Cellars’s expert reports link the facts they describe to their opinions that Methodist
Richardson’s failure to adopt, teach, or enforce an appropriate emergency-transfer policy
contributed to the delay in Cellars’s treatment and her permanent neurological injury. The reports
sufficiently inform Methodist Richardson of the specific conduct at issue and provide a basis for
the trial court to conclude her claims have merit. That “is all that is required of an expert report.”
Adeyemi v. Guerrero, 329 S.W.3d 241, 246 (Tex. App.—Dallas 2010, no pet.).
We affirm.
/Cory L. Carlyle/
CORY L. CARLYLE
JUSTICE
190378F.P05
–11–
Court of Appeals
Fifth District of Texas at Dallas
JUDGMENT
METHODIST RICHARDSON MEDICAL On Appeal from the 101st Judicial District
CENTER, Appellant Court, Dallas County, Texas
Trial Court Cause No.

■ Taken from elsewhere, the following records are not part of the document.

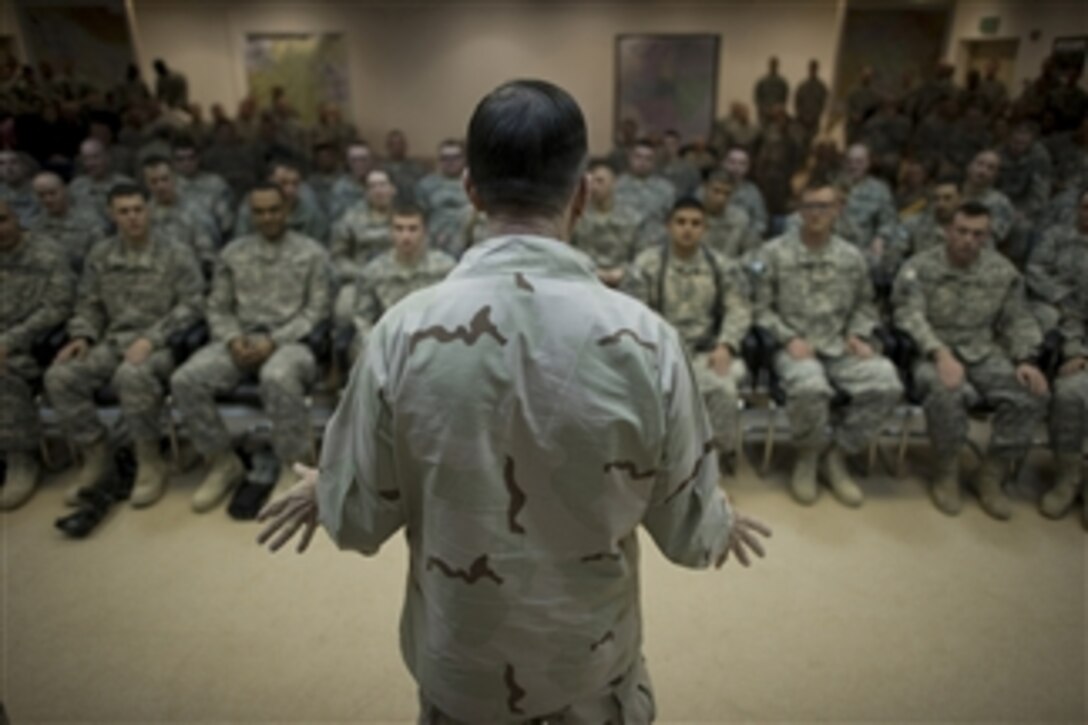 Chairman of the Joint Chiefs of Staff Adm. Mike Mullen, U.S. Navy, addresses soldiers assigned to the 1st Armored Division in Baghdad, Iraq, on Dec. 13, 2010.  Mullen and his wife Deborah are hosting the holiday tour featuring Robin Williams, Lewis Black, Kathleen Madigan, Tour de France champion Lance Armstrong and country music artist Kix Brooks of Brooks and Dunn touring the Central Command area of responsibility.  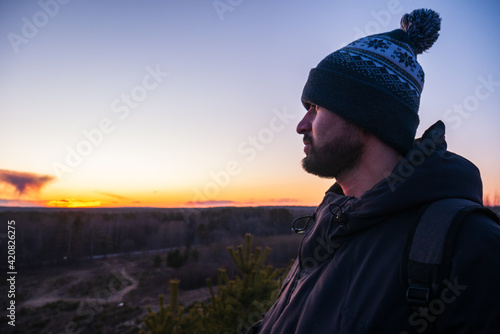 Man with beard in the background of the sun. © Hunman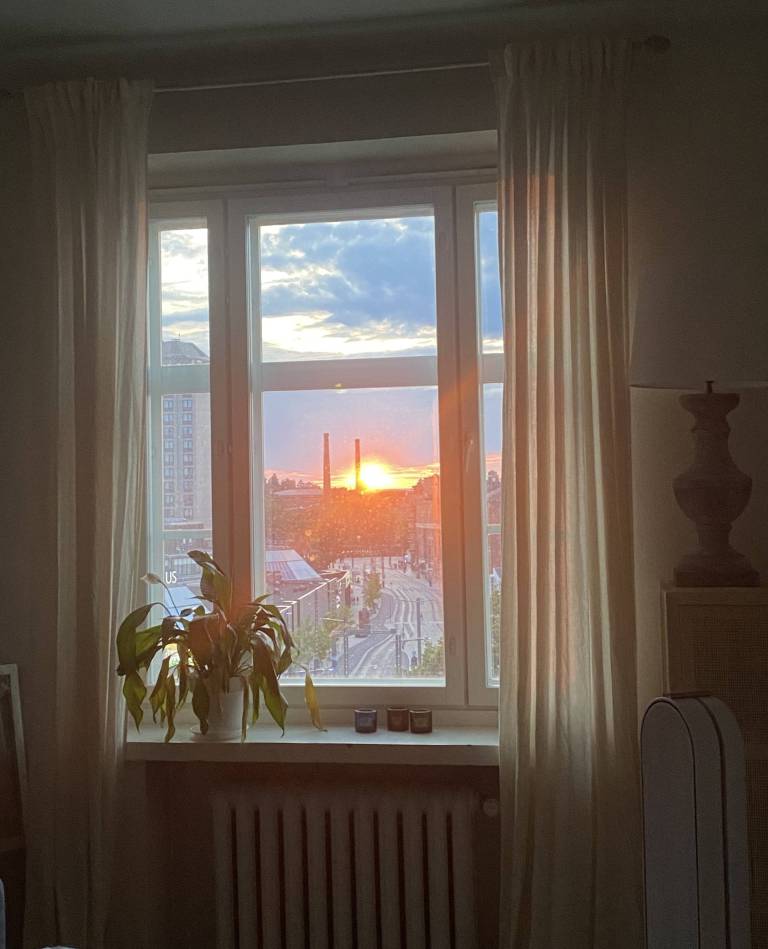 View from a window onto a setting sun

DC-18-09173.
No. 05-19-00378-CV V. Opinion delivered by Justice Carlyle.
Justices Pedersen, III and Reichek
TINA CELLARS, Appellee participating.
In accordance with this Court’s opinion of this date, the judgment of the trial court is
AFFIRMED.
It is ORDERED that appellee TINA CELLARS recover her costs of this appeal from
appellant METHODIST RICHARDSON MEDICAL CENTER.
Judgment entered this 3rd day of December, 2019.